Development of Enactive Computational Models for Autopoietic Systems

Lucas Samuel Vieira


Co-author: Leonardo Lana de Carvalho
Universidade Federal dos Vales do Jequitinhonha e Mucuri
March 2021

Introduction: Autopoietic Systems (AS)

In our previous work, we established the foundations for the idea of an Autopoietic System (AS).

Our model of an AS is a system produced by consistent processes (e.g. a Turing Machine), giving rise to an emergent, inconsistent, open-ended environment.

Such environment has a property of completeness, and its autonomous processes would lead to bifurcations/contradictions and self-organization through paradoxical actions, possibly leading to new, emerging consistent processes adrift in said environment.
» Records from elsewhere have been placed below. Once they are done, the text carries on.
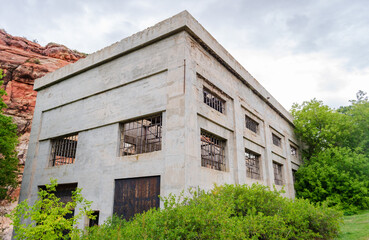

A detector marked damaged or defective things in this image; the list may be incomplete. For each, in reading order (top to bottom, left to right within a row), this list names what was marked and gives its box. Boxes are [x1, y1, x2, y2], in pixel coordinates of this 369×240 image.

rusty metal window bar [201, 88, 224, 113]
broken window [201, 88, 224, 113]
rusty metal window bar [49, 133, 77, 167]
broken window [49, 133, 77, 167]
rusty metal window bar [120, 114, 162, 156]
broken window [120, 114, 162, 156]
rusty metal window bar [200, 130, 226, 172]
broken window [200, 130, 226, 172]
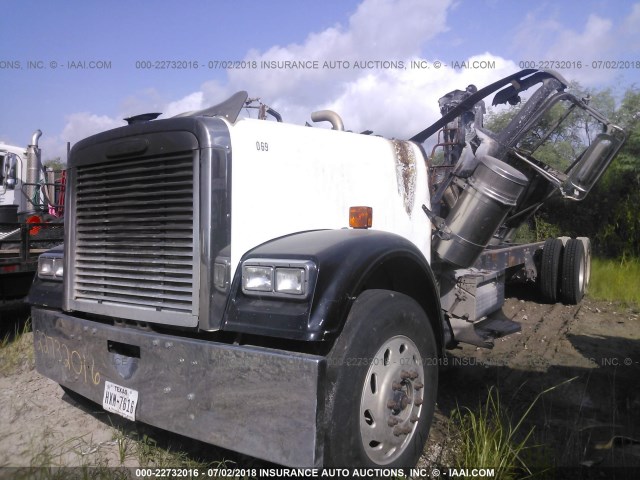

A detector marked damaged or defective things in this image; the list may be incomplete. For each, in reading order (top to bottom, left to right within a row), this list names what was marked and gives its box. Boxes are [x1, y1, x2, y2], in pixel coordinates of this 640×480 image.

damaged semi truck [30, 69, 624, 466]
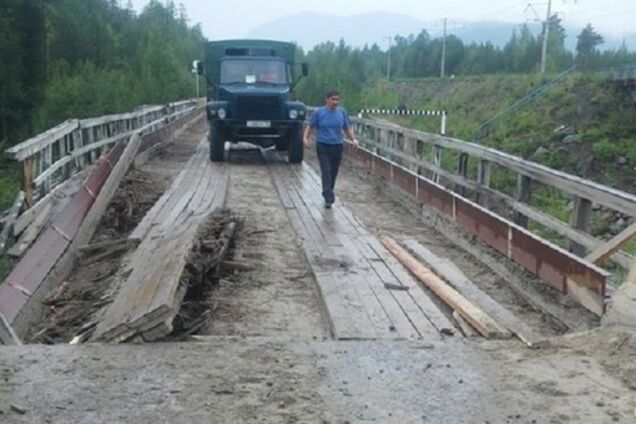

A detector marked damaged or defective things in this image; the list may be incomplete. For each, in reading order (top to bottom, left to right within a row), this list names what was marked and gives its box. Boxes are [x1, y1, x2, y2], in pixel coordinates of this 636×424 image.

splintered wood [89, 141, 229, 342]
splintered wood [266, 153, 454, 342]
broken plank [382, 237, 512, 340]
broken plank [404, 238, 544, 348]
broken plank [584, 222, 636, 264]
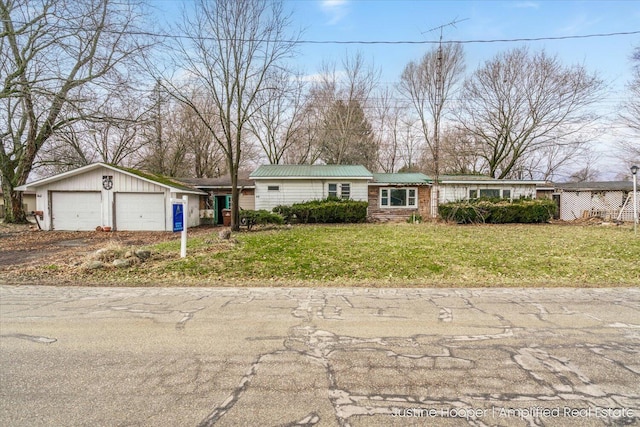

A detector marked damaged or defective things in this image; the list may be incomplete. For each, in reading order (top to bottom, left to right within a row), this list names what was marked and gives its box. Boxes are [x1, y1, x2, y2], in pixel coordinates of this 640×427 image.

cracked pavement [0, 286, 636, 426]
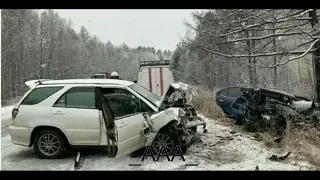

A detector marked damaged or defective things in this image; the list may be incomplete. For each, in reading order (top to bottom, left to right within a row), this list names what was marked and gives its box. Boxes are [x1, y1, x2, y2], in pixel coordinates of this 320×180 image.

This leads to an idea closely resembling that of a Strange Loop (HOFSTADTER, 1979).

escher_hands.jpg

Figure 1: Drawing Hands, by M. C. Escher (litography, 1948).

hands_strangeloop_eng.svg

Figure 2: Abstract diagram for Drawing Hands, by M. C. Escher (HOFSTADTER, 1979, p. 690, adapted)

Objective of this work

We aim to continue our previous work, by pointing two impediments to computational and logico-mathematical modelling of an AS, and present possible solutions to those impediments which may impact the development of models for AS in general.

Specific objectives

  1. Present the problem of a lack of proper criteria for identifying individuals in an AS;
  2. Present the problem of algebraic modelling of an inconsistent system which is the basis for the AS;
  3. Point the direction for potential solution of these problems: a criteria of individuality and a way to handle inconsistency algebraically.

Individuation as a tool for AS recognition

Agents as fluid framings of actions in an autopoietic environment. Agents can also be understood as individuals.

This can be very abstract, and may demand analogies for comprehension.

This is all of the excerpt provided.